Há outros benefícios do VoIP móvel
na GM, como digitação apenas do ramal pelo softphone,
no lugar de todo o número; acesso à lista atualizada
de ramais em todas as unidades do mundo; e integração
a um portal de audiconferência, que carrega todas as mensagens
de voz. Usuária da tecnologia desde 2004, a GM iniciou o
projeto pelo Brasil. Ao todo são 7 000 os usuários
do VoIP e quase 1 000 têm o recurso a partir do notebook.
Segundo Marcos Goffetto, gerente de telecom da GM, as ligações
entre as plantas têm custo zero, sejam elas brasileiras ou
não.
Ramal no notebook
São 2 horas da manhã em Dubai, Emirados
Árabes, quando o ramal de Pedro Ripper, presidente da Cisco
no Brasil, toca em seu notebook. Ele está no aeroporto, respondendo
e-mails enquanto aguarda o chamado para embarcar. Com um fone Bluetooth,
Ripper atende a ligação e conversa por 10 minutos.
Do outro lado da linha, o cliente nem imagina que Ripper está
no saguão do aeroporto, com fuso horário de sete horas
para mais, falando sem segurar um telefone. O VoIP pelo notebook
é usado por 300 funcionários da subsidiária
brasileira da Cisco. No escritório, há um telefone
IP. Na rua, o aparelho fixo e o celular são substituídos
por um softphone.
Com o avanço da tecnologia, o recurso se
transformou em uma importante ferramenta de trabalho para executivos.
"A produtividade é enorme, porque muitas vezes a rede
de contatos tem seu ramal e não o número do celular",
diz Ripper, que também testa o VoIP pelo celular. Na Cisco
a solução passa pela infra-estrutura de telefonia,
para simplificar a gestão, reduzir custos e aumentar a segurança.

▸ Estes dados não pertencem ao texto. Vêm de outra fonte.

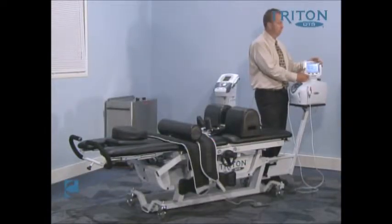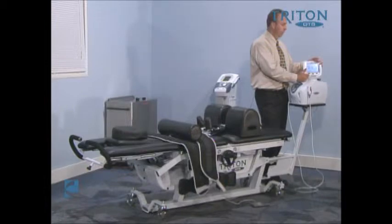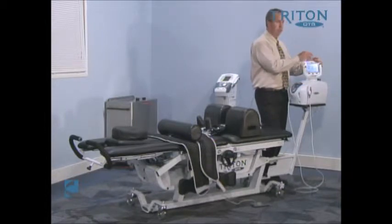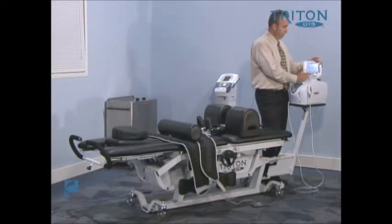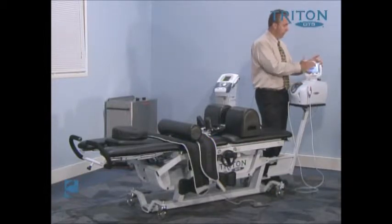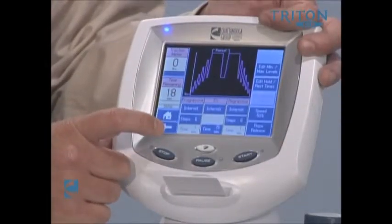We can also edit the rest and hold times. During an intermittent traction we have an opportunity to adjust the upper level of intensity and determine how long we would like to hold that intensity, as well as how long we would like to spend at the lower intensity. If you choose a stepwise fashion for the progression, we can also manipulate the amount of time spent within each one of those steps, and similarly for the regression phase.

A centralização do serviço na rede interna
permite que o usuário divulgue em seu cartão de visitas
apenas o ramal corporativo. Dessa forma, ele tem um único
número, acessado de sua mesa de trabalho, de casa ou no notebook.
Tudo a um custo zero ou de ligação local. Hoje, segundo
Fernando Lucato, gerente de novos negócios da Cisco, a empresa
consegue transferir ligações do ramal fixo para o
notebook, visualizar quem está conectado à rede e
realizar videoconferência com compartilhamento de documentos.